◆ **Provided data**:

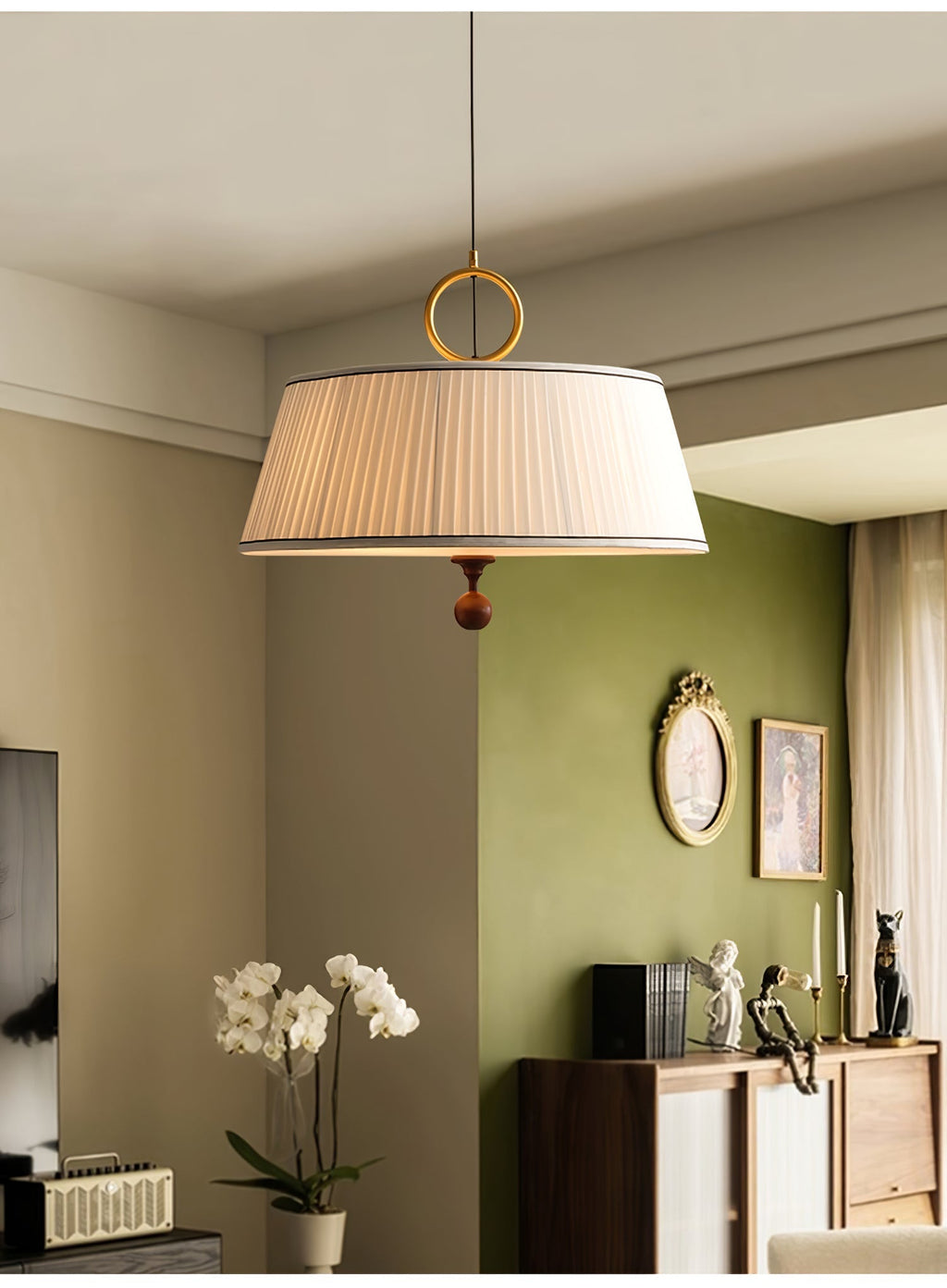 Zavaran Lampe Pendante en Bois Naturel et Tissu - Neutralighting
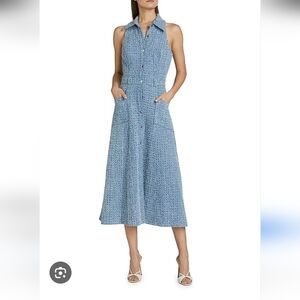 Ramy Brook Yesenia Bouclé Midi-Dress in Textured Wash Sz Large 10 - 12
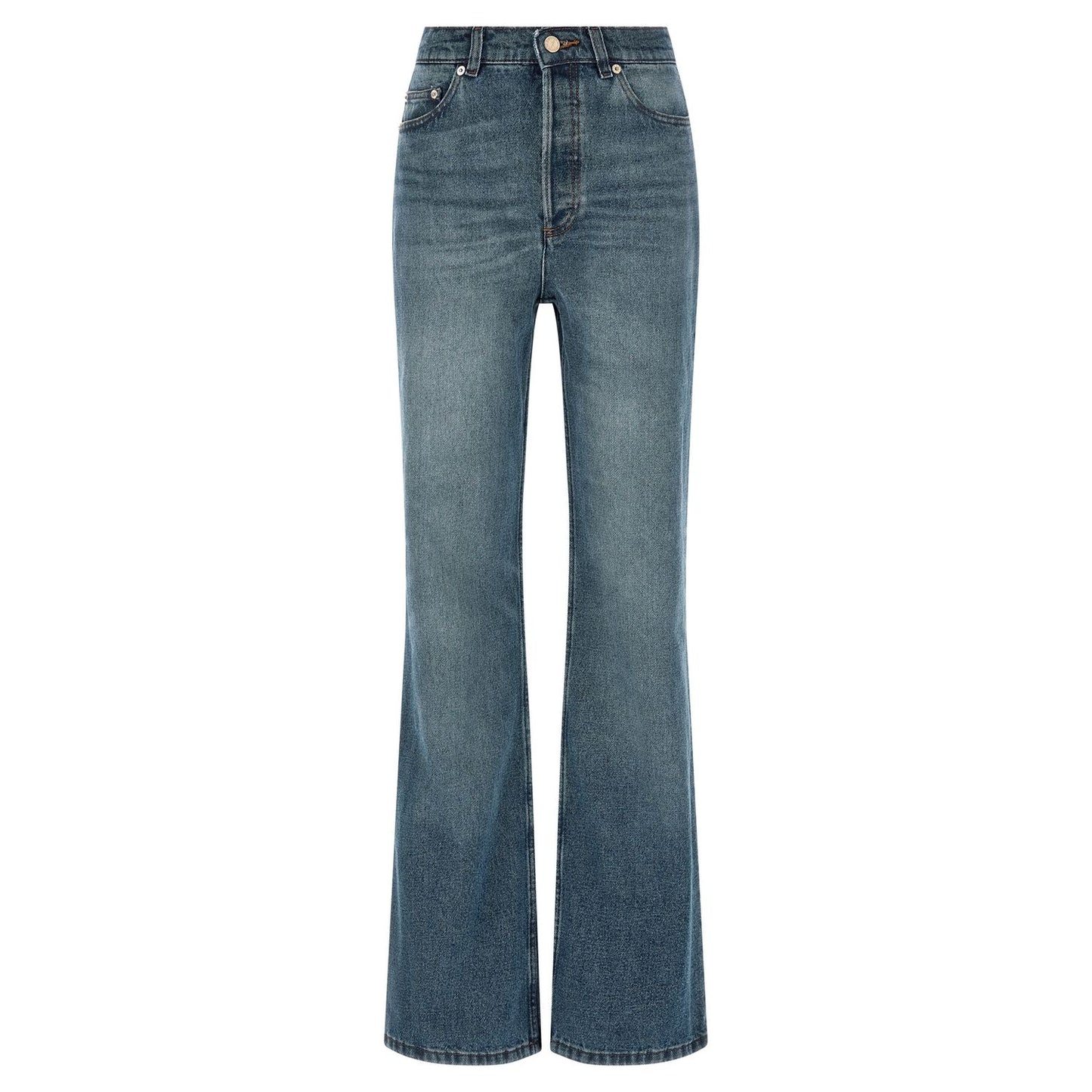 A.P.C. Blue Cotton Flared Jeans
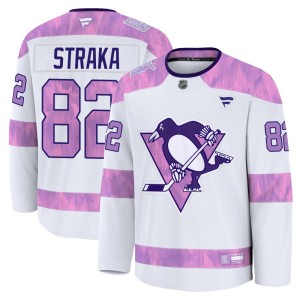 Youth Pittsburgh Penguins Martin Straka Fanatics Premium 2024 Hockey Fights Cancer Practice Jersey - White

◆ **Exercise objective**:
An acceptable answer consists of the lines above from the one holding "Ramy Brook Yesenia" to the end of the data, repeated exactly and containing no pictures.

◆ **Your response**:
 Ramy Brook Yesenia Bouclé Midi-Dress in Textured Wash Sz Large 10 - 12
 A.P.C. Blue Cotton Flared Jeans
 Youth Pittsburgh Penguins Martin Straka Fanatics Premium 2024 Hockey Fights Cancer Practice Jersey - White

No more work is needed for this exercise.